Covid-19 vaccine booster shots to be offered to all Americans beginning September 20, health officials say
(CNN) -- US health officials and medical experts announced in a joint statement on Wednesday that booster doses of Covid-19 vaccine will be offered this fall, subject to authorization from the US Food and Drug Administration and sign off from the US Centers for Disease Control and Prevention.
"We are prepared to offer booster shots for all Americans beginning the week of September 20 and starting 8 months after an individual's second dose," US health officials, including CDC Director Dr. Rochelle Walensky and FDA Acting Commissioner Dr. Janet Woodcock, said in the statement.

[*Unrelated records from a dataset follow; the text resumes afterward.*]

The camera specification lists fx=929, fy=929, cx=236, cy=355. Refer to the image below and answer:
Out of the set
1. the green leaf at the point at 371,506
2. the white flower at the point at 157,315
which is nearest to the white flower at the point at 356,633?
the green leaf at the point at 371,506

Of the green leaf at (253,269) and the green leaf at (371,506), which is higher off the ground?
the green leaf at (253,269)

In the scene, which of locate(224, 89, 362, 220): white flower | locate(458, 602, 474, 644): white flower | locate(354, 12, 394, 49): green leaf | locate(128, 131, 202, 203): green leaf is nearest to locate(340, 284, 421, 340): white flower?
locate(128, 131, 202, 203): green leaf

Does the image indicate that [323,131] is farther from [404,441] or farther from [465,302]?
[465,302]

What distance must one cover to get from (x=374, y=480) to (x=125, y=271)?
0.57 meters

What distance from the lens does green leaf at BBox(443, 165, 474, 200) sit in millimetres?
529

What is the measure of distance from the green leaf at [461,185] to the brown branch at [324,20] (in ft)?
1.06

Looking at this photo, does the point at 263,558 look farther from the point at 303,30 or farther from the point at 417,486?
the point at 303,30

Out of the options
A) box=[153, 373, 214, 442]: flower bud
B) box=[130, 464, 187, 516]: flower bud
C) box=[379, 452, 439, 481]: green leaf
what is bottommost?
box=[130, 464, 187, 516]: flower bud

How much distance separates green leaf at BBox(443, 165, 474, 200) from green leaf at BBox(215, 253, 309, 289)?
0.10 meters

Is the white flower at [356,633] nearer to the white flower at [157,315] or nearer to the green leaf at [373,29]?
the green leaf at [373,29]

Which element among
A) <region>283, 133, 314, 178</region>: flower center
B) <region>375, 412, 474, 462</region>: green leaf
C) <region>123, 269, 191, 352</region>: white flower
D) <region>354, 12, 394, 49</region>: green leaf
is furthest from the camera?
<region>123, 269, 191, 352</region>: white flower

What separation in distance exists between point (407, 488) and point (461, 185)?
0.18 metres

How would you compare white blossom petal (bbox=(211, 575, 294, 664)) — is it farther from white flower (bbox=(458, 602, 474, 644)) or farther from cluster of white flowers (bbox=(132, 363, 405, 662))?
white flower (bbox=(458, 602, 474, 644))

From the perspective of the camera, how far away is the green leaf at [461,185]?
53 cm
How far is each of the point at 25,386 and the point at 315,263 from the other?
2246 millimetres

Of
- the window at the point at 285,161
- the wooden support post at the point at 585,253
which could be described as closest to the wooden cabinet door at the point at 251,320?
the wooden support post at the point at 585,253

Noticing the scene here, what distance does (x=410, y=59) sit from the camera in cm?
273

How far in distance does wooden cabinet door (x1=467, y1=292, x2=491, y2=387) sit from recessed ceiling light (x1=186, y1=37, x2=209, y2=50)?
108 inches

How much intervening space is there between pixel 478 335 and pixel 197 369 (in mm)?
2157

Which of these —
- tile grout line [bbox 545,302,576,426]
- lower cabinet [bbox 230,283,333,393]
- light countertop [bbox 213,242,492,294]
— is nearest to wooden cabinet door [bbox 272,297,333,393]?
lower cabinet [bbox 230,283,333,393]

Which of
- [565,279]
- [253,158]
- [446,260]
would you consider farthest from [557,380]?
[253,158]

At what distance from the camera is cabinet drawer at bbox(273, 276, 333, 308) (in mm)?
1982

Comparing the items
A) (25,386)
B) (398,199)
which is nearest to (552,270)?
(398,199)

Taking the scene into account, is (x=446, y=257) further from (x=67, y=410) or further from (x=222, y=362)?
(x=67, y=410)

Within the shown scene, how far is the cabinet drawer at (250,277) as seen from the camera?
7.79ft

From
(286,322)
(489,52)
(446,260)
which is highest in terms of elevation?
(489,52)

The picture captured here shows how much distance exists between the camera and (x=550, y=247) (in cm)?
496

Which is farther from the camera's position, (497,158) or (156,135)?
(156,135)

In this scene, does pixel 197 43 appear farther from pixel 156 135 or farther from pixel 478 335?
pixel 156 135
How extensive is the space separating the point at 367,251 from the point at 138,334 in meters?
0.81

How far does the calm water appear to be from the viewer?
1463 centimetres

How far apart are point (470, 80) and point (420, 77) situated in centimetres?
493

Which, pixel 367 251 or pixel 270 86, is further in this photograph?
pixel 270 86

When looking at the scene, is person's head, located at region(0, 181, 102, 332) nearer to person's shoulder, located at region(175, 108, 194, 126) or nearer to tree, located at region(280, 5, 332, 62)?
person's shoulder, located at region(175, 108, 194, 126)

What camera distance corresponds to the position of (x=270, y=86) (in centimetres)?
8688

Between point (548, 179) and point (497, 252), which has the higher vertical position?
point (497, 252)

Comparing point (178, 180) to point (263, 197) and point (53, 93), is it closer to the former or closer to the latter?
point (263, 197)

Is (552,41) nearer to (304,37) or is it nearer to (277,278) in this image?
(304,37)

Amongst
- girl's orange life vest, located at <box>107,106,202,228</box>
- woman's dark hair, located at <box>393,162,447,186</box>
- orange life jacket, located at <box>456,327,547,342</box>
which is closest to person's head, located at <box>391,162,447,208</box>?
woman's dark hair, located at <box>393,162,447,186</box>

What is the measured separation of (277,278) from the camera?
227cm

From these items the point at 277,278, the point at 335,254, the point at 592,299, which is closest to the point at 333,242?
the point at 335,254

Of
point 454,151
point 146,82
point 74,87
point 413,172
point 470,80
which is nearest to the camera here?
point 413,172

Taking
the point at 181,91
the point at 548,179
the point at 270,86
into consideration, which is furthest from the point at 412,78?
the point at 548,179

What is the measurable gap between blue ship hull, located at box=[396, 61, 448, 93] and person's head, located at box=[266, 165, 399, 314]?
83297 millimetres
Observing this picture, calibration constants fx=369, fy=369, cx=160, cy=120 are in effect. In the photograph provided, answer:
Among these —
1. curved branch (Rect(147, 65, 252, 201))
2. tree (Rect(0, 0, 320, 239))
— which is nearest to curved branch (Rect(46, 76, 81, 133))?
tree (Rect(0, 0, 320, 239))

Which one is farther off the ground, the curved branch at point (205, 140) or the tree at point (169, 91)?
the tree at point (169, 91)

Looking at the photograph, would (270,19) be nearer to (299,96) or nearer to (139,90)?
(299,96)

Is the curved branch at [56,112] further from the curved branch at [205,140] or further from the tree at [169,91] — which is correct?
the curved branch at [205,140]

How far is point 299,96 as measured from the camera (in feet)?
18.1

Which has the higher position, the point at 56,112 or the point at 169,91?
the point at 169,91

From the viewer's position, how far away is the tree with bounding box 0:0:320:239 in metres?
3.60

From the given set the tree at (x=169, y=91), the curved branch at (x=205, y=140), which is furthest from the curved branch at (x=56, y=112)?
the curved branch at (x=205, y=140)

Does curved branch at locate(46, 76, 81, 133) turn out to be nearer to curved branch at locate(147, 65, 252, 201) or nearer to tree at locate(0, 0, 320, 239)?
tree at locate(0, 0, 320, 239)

"At that time, the individuals who were fully vaccinated earliest in the vaccination rollout, including many health care providers, nursing home residents, and other seniors, will likely be eligible for a booster. We would also begin efforts to deliver booster shots directly to residents of long-term care facilities at that time, given the distribution of vaccines to this population early in the vaccine rollout and the continued increased risk that COVID-19 poses to them," the statement said.
The officials write that the authorized Covid-19 vaccines are "remarkably effective in reducing risk of severe disease, hospitalization, and death, even against the widely circulating Delta variant," but it's clear that protection against the coronavirus begins to decrease over time.

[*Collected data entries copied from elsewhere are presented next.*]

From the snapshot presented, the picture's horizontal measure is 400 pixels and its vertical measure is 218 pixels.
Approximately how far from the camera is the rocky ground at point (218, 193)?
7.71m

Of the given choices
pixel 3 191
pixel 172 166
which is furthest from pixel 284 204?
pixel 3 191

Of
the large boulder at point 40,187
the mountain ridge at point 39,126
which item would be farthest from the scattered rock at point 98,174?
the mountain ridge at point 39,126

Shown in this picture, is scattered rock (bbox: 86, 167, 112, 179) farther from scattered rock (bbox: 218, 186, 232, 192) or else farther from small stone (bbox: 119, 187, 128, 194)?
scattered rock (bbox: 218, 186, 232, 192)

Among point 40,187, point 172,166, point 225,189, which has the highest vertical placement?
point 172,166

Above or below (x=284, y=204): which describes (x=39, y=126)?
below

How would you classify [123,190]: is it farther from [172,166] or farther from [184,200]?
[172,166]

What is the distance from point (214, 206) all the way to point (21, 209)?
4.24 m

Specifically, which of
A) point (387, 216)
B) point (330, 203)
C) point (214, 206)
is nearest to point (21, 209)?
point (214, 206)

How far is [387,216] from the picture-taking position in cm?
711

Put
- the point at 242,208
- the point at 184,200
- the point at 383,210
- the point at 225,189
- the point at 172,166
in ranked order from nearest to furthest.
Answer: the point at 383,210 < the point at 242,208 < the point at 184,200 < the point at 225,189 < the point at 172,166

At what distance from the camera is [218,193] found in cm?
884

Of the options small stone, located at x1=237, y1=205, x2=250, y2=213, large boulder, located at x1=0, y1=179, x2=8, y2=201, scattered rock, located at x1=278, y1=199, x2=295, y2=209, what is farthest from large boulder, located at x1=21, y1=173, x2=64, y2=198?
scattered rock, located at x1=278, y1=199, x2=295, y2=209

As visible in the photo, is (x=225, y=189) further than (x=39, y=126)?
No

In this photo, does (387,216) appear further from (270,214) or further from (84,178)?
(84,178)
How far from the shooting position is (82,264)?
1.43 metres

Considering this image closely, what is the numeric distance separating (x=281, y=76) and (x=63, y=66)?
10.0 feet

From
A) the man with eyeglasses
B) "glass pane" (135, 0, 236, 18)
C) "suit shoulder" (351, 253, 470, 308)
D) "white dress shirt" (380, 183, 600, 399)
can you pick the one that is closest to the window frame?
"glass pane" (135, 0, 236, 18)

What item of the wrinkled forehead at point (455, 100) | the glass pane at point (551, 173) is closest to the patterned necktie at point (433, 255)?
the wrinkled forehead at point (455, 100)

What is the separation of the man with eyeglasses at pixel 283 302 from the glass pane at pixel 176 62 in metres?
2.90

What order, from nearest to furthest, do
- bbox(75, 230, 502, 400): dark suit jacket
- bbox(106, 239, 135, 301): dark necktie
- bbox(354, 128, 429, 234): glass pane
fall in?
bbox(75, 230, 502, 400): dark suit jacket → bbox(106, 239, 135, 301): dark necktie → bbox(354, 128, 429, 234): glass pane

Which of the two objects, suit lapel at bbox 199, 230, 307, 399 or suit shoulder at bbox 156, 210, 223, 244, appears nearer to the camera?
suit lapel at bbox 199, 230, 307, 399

The statement said "current protection against severe disease, hospitalization, and death could diminish in the months ahead, especially among those who are at higher risk or were vaccinated during the earlier phases of the vaccination rollout. For that reason, we conclude that a booster shot will be needed to maximize vaccine-induced protection and prolong its durability."

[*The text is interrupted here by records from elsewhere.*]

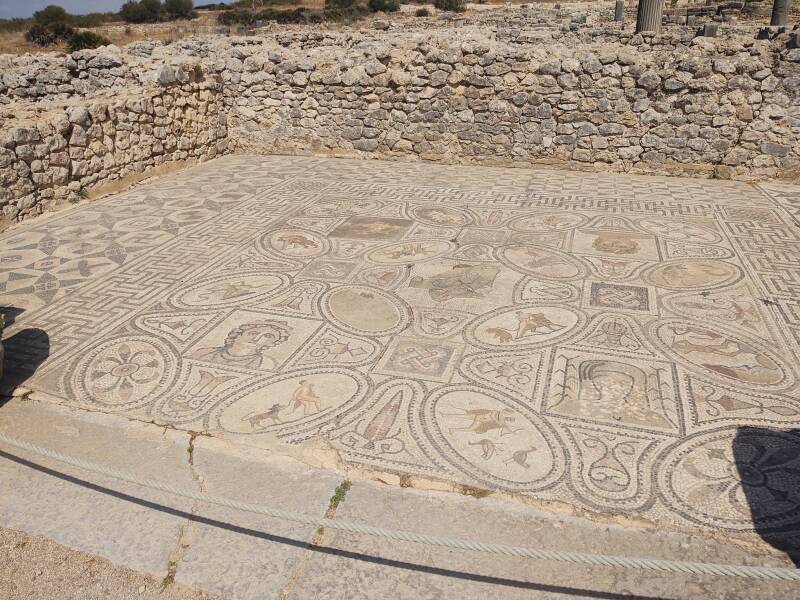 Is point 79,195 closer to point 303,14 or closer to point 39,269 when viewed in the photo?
point 39,269

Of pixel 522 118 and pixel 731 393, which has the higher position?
pixel 522 118

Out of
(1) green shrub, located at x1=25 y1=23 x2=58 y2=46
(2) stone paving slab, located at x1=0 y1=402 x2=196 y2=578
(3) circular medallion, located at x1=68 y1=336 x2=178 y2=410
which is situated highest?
(1) green shrub, located at x1=25 y1=23 x2=58 y2=46

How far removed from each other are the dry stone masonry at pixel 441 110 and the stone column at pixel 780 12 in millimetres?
8111

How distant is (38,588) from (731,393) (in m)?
2.53

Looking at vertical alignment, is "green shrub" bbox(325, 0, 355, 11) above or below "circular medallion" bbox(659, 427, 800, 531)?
above

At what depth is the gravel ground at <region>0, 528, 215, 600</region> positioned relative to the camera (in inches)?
61.1

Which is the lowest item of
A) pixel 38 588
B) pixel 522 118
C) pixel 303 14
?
pixel 38 588

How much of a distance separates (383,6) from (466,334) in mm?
25549

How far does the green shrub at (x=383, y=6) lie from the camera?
2411 centimetres

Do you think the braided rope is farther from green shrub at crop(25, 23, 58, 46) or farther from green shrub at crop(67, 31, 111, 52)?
green shrub at crop(25, 23, 58, 46)

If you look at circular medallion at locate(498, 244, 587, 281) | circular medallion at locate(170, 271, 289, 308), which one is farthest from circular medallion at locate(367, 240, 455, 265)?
circular medallion at locate(170, 271, 289, 308)

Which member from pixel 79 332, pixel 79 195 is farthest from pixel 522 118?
pixel 79 332

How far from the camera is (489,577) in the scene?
5.06 ft

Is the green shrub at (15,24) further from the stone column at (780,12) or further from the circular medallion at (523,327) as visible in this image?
the circular medallion at (523,327) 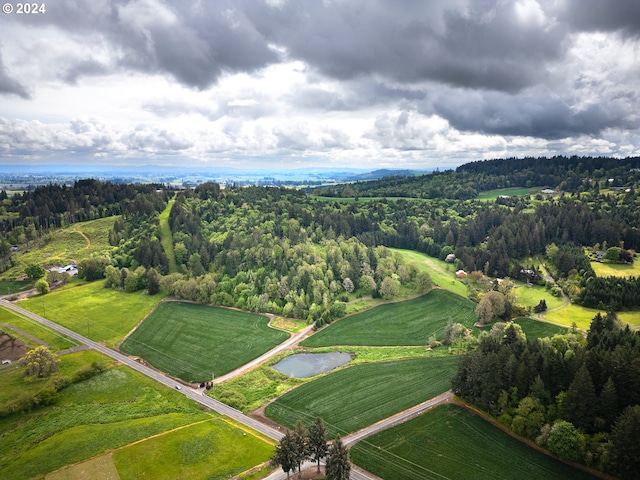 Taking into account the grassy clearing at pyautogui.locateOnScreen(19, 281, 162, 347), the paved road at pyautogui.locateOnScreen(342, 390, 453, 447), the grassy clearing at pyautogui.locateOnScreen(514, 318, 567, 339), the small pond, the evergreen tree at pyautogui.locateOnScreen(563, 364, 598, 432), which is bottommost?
the small pond

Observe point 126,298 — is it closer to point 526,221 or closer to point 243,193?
point 243,193

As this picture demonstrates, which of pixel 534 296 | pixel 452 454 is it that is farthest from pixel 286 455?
pixel 534 296

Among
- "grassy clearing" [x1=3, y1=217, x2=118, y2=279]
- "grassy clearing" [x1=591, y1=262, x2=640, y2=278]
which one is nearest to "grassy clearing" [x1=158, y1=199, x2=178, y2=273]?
"grassy clearing" [x1=3, y1=217, x2=118, y2=279]

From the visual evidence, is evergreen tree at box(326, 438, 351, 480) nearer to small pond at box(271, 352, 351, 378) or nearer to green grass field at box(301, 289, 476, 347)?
small pond at box(271, 352, 351, 378)

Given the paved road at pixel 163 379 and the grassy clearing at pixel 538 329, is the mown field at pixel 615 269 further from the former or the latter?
the paved road at pixel 163 379

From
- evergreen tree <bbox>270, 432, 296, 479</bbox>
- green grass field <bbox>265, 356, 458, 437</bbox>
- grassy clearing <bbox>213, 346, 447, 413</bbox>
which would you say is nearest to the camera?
evergreen tree <bbox>270, 432, 296, 479</bbox>

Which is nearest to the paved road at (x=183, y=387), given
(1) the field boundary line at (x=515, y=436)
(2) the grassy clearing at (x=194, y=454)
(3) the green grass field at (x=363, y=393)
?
(2) the grassy clearing at (x=194, y=454)

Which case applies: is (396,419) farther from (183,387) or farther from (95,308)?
(95,308)

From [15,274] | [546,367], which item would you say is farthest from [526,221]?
[15,274] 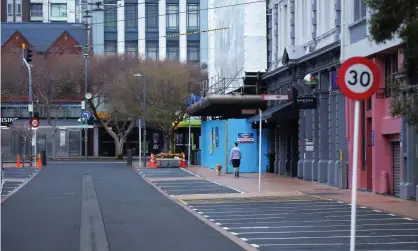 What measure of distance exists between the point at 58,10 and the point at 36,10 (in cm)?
294

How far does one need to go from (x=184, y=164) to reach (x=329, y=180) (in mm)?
21517

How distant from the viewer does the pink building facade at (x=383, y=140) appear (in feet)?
83.7

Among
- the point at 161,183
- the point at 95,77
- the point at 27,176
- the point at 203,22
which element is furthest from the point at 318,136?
→ the point at 203,22

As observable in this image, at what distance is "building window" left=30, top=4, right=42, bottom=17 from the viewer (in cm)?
9867

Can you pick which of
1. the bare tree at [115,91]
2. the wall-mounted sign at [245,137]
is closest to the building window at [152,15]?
the bare tree at [115,91]

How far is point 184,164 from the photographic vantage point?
51.8 meters

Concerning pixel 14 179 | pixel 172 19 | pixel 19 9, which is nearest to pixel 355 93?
pixel 14 179

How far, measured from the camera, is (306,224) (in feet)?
58.6

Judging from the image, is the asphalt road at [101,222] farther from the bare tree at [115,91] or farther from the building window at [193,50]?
the building window at [193,50]

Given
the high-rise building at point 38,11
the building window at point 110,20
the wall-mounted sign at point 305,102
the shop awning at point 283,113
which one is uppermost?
the high-rise building at point 38,11

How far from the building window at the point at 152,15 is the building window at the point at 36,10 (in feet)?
61.3

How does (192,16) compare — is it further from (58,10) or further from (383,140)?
(383,140)

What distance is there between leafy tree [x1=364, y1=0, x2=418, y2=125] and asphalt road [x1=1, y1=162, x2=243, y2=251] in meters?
4.61

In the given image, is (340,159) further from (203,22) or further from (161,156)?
(203,22)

Officials are expected to discuss the plan during at 11 a.m. ET White House Covid-19 briefing. The statement was signed by Walensky, Woodcock, Surgeon General Dr. Vivek Murthy, National Institutes of Health Director Dr. Francis Collins, National Institute of Allergy and Infectious Diseases Director Dr. Anthony Fauci, Assistant Secretary for Health Dr. Rachel Levine, Chief Science Officer for the COVID Response Dr. David Kessler and Chair of the COVID Health Equity Task Force Dr. Marcella Nunez-Smith.
While those initial booster doses will be for the Pfizer/BioNTech and Moderna vaccines, the officials noted in the statement that they anticipate booster shots will likely be needed for people who initially received the Johnson & Johnson vaccine. "Administration of the J&J vaccine did not begin in the U.S. until March 2021, and we expect more data on J&J in the next few weeks," the statement said.
The officials ended the statement by noting that they continue to expand efforts to increase the supply of vaccines globally for other countries, "building further on the more than 600 million doses we have already committed to donate globally."
Push for more data
For months, federal health officials and agencies had maintained that boosters for the general public were not needed, but said they were watching the data closely.
Last week, the FDA authorized third doses for some people who are immunocompromised and the US Centers for Disease Control and Prevention almost immediately recommended giving those doses. But the agency also said bosoters were not yet necessary for the rest of the country.
t the White House Covid-19 briefing, officials are expected to present three sets of data that suggest waning vaccine protection against Covid-19 infection in the United States, a senior federal health official told CNN Chief Medical Correspondent Dr. Sanjay Gupta.
The three data sets were said to include 10 million vaccinated New Yorkers, data from long-term care facilities, and data from a group of 21 hospitals.
The official cautioned that while the data suggests decreased protection against infection, it's still believed there has not been a decline in protection against hospitalization and death from Covid-19 for now.
The official also cautioned that the FDA would still need to carefully review safety data to ensure there was no danger from "hyperimmune response" from a third dose. So far, only Pfizer has submitted such data for review.
Dr. Paul Offit, a vaccine expert and adviser to the FDA, told CNN's Erin Burnett on Tuesday that the US needs clear data from the CDC to support the need for Covid-19 vaccine boosters for the general public.
"It is frustrating," Offit said. "You would like to think that the data would come first and then the recommendation would come second, because right now, we're all guessing what's going on."
Offit noted that just days ago, the CDC presented data showing that Covid-19 vaccines still protect against severe disease. In a call with clinicians on Tuesday afternoon, CDC officials said the timing of a booster dose of coronavirus vaccine has not yet been determined.
"What I hope doesn't happen is that we are seeing the sort of fading in immunity against asymptomatic infection or mildly symptomatic infection, because that has to happen at some level," Offit said. "The goal is to protect against severe, critical disease. To date, it appears the vaccines were doing it."
Other experts have also cast doubt on whether booster shots are needed, saying it's far more important for more people to be fully vaccinated in the first place.
"If you think a third dose of the vaccine is going to end the pandemic, then you are kidding yourself," Scott Hensley, an immunologist at the University of Pennsylvania, told CNN. "The way to end this pandemic is to get the vaccine distributed across the globe."